Source records section start
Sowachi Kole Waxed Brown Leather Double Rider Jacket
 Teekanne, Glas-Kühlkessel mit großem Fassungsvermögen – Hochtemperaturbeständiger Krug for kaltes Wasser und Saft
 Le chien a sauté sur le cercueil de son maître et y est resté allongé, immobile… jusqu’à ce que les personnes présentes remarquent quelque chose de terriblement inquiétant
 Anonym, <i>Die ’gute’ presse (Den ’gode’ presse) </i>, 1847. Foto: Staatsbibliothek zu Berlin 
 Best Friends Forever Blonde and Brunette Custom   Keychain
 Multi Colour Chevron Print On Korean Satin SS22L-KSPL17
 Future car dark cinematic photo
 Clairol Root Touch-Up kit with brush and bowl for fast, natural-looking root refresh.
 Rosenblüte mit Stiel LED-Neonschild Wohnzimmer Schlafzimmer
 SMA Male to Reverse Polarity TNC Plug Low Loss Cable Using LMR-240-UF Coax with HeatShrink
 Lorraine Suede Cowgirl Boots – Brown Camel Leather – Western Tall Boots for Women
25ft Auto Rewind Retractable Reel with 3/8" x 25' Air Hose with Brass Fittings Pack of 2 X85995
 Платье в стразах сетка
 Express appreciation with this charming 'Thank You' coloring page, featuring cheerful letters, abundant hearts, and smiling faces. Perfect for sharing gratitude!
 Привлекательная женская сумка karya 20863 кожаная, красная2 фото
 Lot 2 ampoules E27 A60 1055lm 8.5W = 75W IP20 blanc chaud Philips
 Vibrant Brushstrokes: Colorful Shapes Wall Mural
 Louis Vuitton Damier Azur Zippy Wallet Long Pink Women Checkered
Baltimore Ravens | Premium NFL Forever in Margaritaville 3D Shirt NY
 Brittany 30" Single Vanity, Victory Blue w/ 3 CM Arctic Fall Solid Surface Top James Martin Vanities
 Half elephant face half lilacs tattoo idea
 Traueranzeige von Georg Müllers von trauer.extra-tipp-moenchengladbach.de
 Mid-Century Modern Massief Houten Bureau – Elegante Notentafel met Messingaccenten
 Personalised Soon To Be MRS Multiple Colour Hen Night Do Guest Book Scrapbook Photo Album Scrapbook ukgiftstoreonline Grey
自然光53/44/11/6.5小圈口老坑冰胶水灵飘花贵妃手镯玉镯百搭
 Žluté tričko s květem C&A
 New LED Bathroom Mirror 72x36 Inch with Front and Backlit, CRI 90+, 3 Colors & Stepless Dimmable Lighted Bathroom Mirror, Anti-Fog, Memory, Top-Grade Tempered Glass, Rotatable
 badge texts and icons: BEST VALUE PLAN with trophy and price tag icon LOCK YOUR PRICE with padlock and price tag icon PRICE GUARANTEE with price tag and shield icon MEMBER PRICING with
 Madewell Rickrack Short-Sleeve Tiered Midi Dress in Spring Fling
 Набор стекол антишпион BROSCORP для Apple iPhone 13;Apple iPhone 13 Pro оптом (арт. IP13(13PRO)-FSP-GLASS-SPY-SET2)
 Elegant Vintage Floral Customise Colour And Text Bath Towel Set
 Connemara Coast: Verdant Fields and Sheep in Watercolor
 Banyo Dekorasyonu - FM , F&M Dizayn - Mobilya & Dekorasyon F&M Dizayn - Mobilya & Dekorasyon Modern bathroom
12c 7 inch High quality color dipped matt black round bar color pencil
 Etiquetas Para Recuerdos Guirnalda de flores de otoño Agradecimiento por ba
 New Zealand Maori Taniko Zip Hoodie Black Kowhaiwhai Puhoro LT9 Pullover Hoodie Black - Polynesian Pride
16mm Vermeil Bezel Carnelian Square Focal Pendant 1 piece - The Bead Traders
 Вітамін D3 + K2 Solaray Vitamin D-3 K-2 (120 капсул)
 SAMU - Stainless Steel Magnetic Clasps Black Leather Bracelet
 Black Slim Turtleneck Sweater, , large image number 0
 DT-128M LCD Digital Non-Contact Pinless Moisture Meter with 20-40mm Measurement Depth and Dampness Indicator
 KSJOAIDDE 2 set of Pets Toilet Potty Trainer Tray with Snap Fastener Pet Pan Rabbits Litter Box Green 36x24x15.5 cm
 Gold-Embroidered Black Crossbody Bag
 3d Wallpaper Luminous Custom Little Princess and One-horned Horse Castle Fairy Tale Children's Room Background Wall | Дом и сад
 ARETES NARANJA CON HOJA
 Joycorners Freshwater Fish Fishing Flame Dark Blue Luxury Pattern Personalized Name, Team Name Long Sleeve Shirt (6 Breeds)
Source records section end
Required action: Some lines in the records above contain "Forever". Count them and give the number only.

Answer to this exercise: 2